Orientalisches Seminar - معهد الاستشراق
(Last Update 11. November 2011) by Petra M. Sijpesteijn, John F. Oates (✝), Andreas Kaplony, and Eva M. Grob
Download (as in Bulletin of the American Society of Papyrologists 42 (2005) 127-166) (PDF, 1869 KB)
Introduction
Introduction
The Checklist of Arabic Documents aims to facilitate and advance the use of Arabic documents. By providing this inclusive bibliography of editions of Arabic documentary texts - on papyrus, paper, parchment, leather, ostraca, wood, stone and bone - in monographs and articles, and setting out a standardized system of abbreviations for monographs of Arabic document editions, we hope it will serve to enhance the transparency of citations and improve the accessibility of editions, functioning as a useful point of reference for Arabists and non-Arabists, specialists and non-specials alike.
Arabic Papyrology
Scholars have long acknowledged the importance of papyri and other documents for our understanding of early and medieval Islamic culture and society. Tens of thousands of papyrus documents survive, in Greek, Coptic and Arabic, and among the vastly diverse and significant information they contain are the only contemporary records of the Muslim conquest of Egypt in the mid-seventh century, a cornerstone event not only in the history of Mediterranean civilization but in the development of one of the most populous religions of the world. Never intended to be read by later generations, the documents not only offer a useful check on the data preserved in narrative and literary sources, but also record aspects of life and strata of society to which we would otherwise have no access, and with a richness, immediacy and variety unmatched by any other source. Together, these documents have the potential to shine a fresh and detailed new light on early Islamic Mediterranean culture and society. The field can no longer afford to be without them.

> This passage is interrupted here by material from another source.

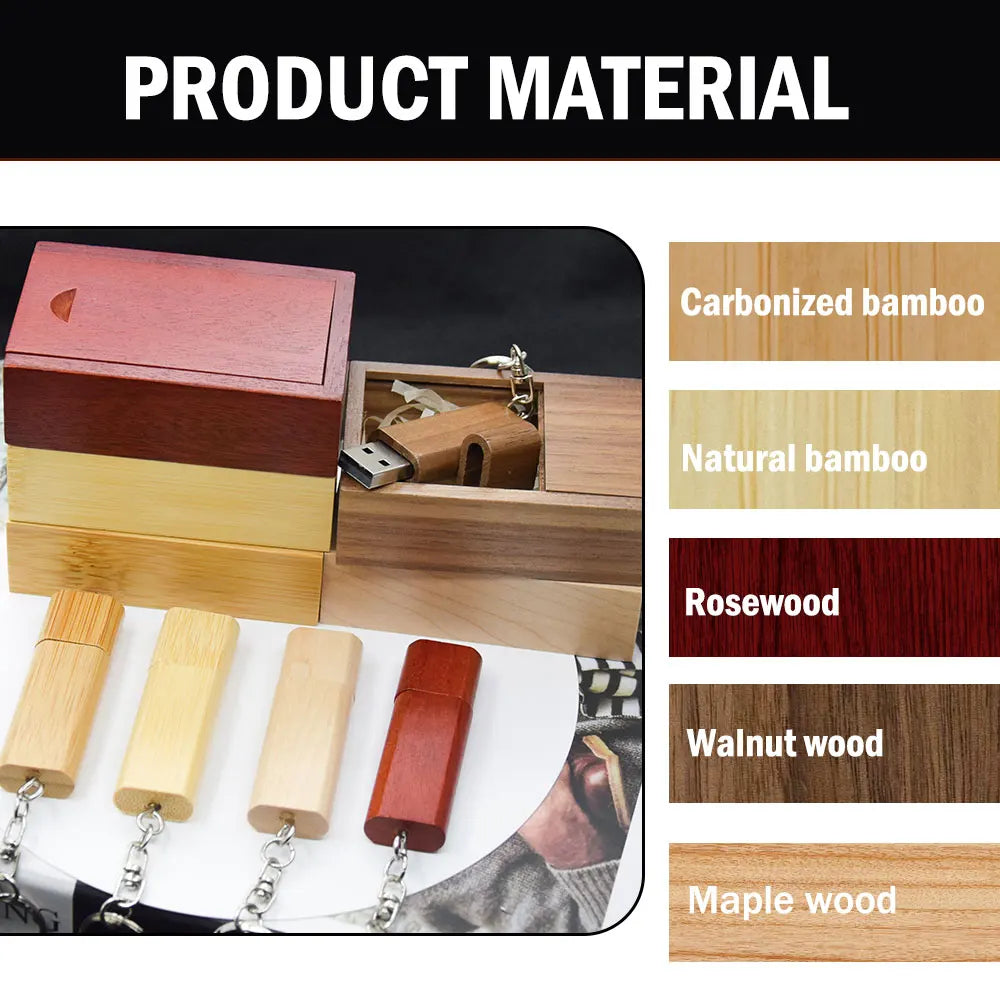 Round Wooden USB Flash Drive 8–64GB | Elegant Gift Box Wooden USB Flash Drive PRIMED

Despite their importance, however, papyri from the Islamic period continue to be underused. The philological complexity of Arabic papyri combined with the poorly developed infrastructure of the field (with few catalogues and handlists) seriously impedes the edition of new documents. Of the tens of thousands of Arabic documents preserved in museum and library collections around the world, only some two thousand have been published so far. The relative neglect is especially striking when Arabic papyrology is compared to older disciplines such as Greek, Latin and Coptic papyrology, all of which have benefited from such essential tools as electronic and printed databases, lexicographic, geographical, onomastic and linguistic reference works and compilations of corrigenda - all of which Arabic papyrology lacks.